During a recent discussion with our expert colleagues at Good Judgement Inc (GJI) we discussed the challenge. GJI’s process of cognitive debiasing represents the industry ‘gold standard’. Their methodology identifies seven main types of bias to watch out for. There are mitigations and tactics in place to defend against them all. De-biasing training can improve forecasting accuracy by between 10-30%.

As future thinkers we need to be especially vigilant. In a study of global businesses by Jonathon Karelse in 2021 the presence of unconscious biases of various types was found to be nearly universal and even more pronounced in forecasters/planners than others playing a part in the system.

Of the seven biases GJI primarily looks out for the three most important can be remembered by simply learning your ABCs:

A. Anchoring – attaching a percentage likelihood to an outcome early on in a project can be damaging to first predictions. Avoiding forecasts of others should be a priority too. Work must begin with the whole spectrum of possibilities open.

B. Base-rate neglect – ignoring the general trend in favour of individual situations is surprisingly common and difficult to avoid. Often it can be ascribed to a ‘one off’ personal experience. Forecasts should always start with an objective external perspective and a reference class.

C. Confidence – the best forecasters not only know what they know, they are vigilant against what they don’t know. As Donald Rumsfeld described it, the “unknown unknowns”. Subject matter experts are particularly prone to  overconfidence and have been shown time and again to make poor predictions when compared to the best forecasters.
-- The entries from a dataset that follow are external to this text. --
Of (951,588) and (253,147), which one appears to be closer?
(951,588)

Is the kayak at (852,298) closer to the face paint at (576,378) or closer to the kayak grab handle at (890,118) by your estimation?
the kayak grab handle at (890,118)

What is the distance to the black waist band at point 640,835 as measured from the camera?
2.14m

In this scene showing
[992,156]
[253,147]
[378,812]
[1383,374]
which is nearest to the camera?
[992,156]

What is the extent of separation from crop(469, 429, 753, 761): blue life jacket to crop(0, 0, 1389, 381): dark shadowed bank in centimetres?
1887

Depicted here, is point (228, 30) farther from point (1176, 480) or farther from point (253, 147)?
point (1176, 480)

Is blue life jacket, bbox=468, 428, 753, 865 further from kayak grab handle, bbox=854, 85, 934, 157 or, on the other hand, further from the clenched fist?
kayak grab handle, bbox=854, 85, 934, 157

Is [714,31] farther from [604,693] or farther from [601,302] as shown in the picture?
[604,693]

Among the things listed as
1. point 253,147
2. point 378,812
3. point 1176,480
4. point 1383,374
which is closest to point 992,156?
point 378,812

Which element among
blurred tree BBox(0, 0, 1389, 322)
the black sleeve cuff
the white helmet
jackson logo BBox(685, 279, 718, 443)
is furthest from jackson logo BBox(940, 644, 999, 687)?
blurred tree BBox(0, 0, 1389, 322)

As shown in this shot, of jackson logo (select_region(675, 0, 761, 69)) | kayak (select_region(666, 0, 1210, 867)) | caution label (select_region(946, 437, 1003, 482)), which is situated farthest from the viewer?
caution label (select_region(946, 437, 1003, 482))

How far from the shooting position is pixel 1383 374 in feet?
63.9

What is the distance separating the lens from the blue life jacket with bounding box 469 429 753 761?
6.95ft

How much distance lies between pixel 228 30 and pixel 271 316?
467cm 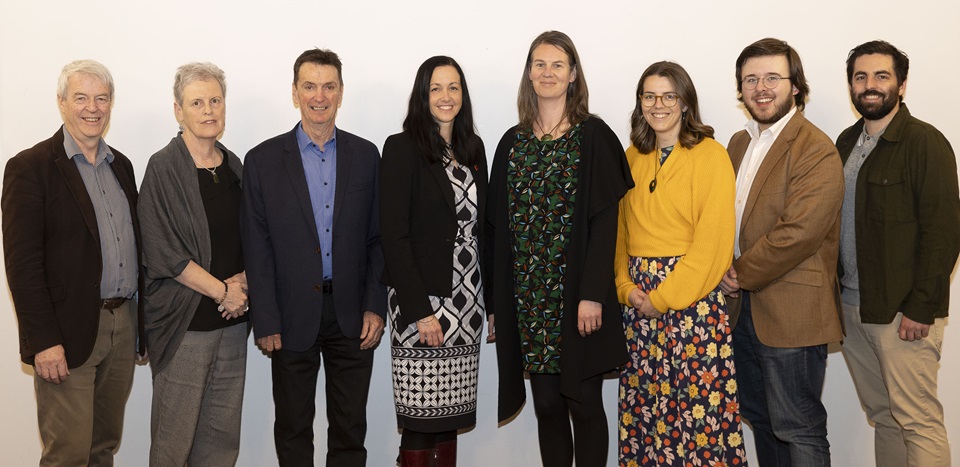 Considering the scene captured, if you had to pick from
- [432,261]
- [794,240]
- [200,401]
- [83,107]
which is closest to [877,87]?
[794,240]

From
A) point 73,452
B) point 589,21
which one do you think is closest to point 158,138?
point 73,452

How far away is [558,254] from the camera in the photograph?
279 cm

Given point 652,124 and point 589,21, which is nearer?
point 652,124

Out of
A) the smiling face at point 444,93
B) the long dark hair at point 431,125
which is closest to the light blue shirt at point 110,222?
the long dark hair at point 431,125

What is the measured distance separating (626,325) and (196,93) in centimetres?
198

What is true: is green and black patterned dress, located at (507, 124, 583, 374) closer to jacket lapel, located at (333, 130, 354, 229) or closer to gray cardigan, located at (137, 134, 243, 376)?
jacket lapel, located at (333, 130, 354, 229)

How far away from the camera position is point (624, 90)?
12.5 feet

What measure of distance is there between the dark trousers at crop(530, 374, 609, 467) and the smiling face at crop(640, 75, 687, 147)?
3.27 ft

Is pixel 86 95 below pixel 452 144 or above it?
above

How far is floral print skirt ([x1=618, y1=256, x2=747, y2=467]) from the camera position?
271 centimetres

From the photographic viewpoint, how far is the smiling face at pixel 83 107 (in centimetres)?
285

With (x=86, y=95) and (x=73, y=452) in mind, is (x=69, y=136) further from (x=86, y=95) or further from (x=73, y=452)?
(x=73, y=452)

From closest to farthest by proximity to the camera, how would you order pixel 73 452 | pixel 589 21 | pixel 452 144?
1. pixel 73 452
2. pixel 452 144
3. pixel 589 21

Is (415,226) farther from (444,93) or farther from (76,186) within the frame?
(76,186) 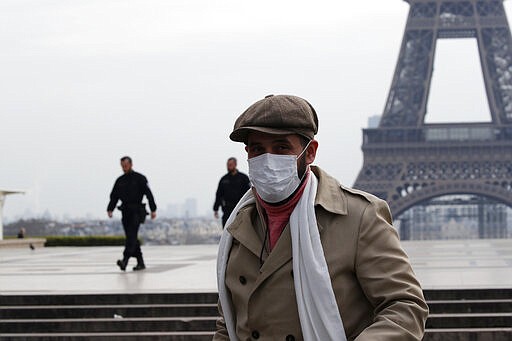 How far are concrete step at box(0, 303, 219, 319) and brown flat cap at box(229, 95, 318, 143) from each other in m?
7.30

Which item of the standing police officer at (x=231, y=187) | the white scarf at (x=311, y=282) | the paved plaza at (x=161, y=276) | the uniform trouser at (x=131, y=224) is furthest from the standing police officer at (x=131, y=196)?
the white scarf at (x=311, y=282)

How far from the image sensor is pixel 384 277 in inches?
104

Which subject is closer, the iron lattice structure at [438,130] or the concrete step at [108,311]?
the concrete step at [108,311]

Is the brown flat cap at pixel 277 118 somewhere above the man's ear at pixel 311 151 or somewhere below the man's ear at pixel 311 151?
above

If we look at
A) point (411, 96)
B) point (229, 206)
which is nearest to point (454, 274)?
point (229, 206)

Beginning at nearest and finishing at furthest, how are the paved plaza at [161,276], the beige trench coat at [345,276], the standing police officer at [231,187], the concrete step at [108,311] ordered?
the beige trench coat at [345,276], the concrete step at [108,311], the paved plaza at [161,276], the standing police officer at [231,187]

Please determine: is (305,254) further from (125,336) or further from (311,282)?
(125,336)

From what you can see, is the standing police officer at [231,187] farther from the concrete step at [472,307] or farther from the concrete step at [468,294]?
the concrete step at [472,307]

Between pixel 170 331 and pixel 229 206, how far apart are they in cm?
590

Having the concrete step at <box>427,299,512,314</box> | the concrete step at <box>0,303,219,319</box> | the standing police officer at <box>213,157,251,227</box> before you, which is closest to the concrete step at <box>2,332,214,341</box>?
the concrete step at <box>0,303,219,319</box>

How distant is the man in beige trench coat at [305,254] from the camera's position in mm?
2654

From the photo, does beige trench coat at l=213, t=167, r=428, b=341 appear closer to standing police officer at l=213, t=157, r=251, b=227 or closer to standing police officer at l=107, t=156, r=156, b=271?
standing police officer at l=107, t=156, r=156, b=271

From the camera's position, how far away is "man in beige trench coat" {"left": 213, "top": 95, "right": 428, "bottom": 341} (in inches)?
104

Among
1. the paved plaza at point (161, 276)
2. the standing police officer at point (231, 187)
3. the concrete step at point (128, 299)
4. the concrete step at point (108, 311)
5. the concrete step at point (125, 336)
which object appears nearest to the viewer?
the concrete step at point (125, 336) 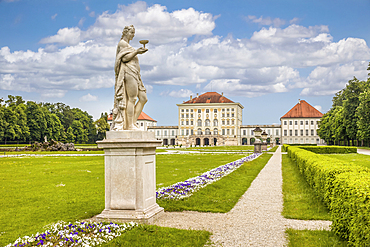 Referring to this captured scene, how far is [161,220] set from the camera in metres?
6.12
There are plenty of things your organisation can do to guard against the seven biases and the three highlighted above. Some are specific to a futures project, others require organisational change.

Promoting diversity and inclusion creates a culture that values different perspectives. The UK Civil Service has made important strides in recent years to tackle this pernicious root cause of bias in policy work. There’s plenty more to be getting on with. As futures and forecasting gains ever more importance and awareness across the public sector, its leaders should look forensically at other sources too.